Stock Exchange in UAE: Listings, Regulators & Investor Rules

If you're an investor, founder eyeing an IPO, or a finance professional new to the Emirates, the stock exchange in UAE landscape can feel fragmented. There are three main venues, two financial free zones, and overlapping regulators. Here's how it actually works.

Quick answer

The UAE has three operational exchanges: the Abu Dhabi Securities Exchange (ADX), the Dubai Financial Market (DFM), and Nasdaq Dubai. ADX and DFM sit under the Securities and Commodities Authority (SCA), while Nasdaq Dubai operates inside the Dubai International Financial Centre (DIFC) under the Dubai Financial Services Authority (DFSA).

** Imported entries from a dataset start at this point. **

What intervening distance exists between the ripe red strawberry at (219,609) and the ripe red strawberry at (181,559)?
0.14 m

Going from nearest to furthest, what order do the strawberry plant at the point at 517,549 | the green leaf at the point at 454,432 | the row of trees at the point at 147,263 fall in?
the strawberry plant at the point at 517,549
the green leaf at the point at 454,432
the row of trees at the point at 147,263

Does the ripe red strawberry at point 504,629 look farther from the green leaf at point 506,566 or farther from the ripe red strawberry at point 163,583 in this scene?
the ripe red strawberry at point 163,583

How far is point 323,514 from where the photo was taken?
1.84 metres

Foreign investors can trade most listed securities directly after opening an Investor Number (NIN). IPO activity has been heavy since 2022, with ADX alone hosting some of the region's largest listings.

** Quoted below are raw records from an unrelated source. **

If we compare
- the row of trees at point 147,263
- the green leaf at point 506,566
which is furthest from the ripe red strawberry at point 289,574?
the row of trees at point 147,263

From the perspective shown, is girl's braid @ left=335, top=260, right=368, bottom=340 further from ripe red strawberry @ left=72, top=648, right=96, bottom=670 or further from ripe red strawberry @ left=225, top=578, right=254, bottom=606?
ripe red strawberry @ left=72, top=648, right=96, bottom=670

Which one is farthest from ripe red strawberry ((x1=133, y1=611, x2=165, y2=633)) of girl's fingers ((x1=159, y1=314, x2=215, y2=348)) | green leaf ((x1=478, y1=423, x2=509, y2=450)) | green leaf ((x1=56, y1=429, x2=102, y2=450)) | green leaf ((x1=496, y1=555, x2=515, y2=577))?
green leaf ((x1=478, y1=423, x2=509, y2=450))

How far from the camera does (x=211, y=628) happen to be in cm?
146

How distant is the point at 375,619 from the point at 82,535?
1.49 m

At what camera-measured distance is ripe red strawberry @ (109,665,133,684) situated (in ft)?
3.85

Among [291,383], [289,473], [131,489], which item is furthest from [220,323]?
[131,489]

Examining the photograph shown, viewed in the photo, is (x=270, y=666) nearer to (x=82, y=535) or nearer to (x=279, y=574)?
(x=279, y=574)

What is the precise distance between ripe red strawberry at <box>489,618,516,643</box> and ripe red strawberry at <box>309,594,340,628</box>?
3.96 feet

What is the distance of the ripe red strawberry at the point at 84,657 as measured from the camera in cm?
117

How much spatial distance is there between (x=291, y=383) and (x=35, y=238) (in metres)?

The three exchanges, plainly

Abu Dhabi Securities Exchange (ADX). Founded in 2000 under Local Law No. 3 of 2000. ADX is now the larger of the two onshore markets by market capitalisation, helped by listings like ADNOC Gas, ADNOC Drilling, and Borouge. It runs a main market plus a Growth Market for smaller companies (minimum capital AED 4 million, lighter free-float requirements).

Dubai Financial Market (DFM). Established in 2000. Listings include Emaar Properties, Emirates NBD, DEWA (the 2022 DEWA IPO raised around USD 6.1 billion — still the largest UAE listing to date), Salik, and Empower. DFM is publicly listed on itself, which is mildly amusing if you think about it.

Nasdaq Dubai. The international exchange, denominated mostly in USD, sitting in DIFC. Smaller equity book than ADX or DFM, but it's the main venue for sukuk and conventional bond listings — over USD 130 billion in debt listings as of 2024 [1].

Honestly, most retail traders only need one of the onshore markets. Institutional players and sukuk issuers care about Nasdaq Dubai.

Who regulates what

This is where people get confused. Two parallel regimes.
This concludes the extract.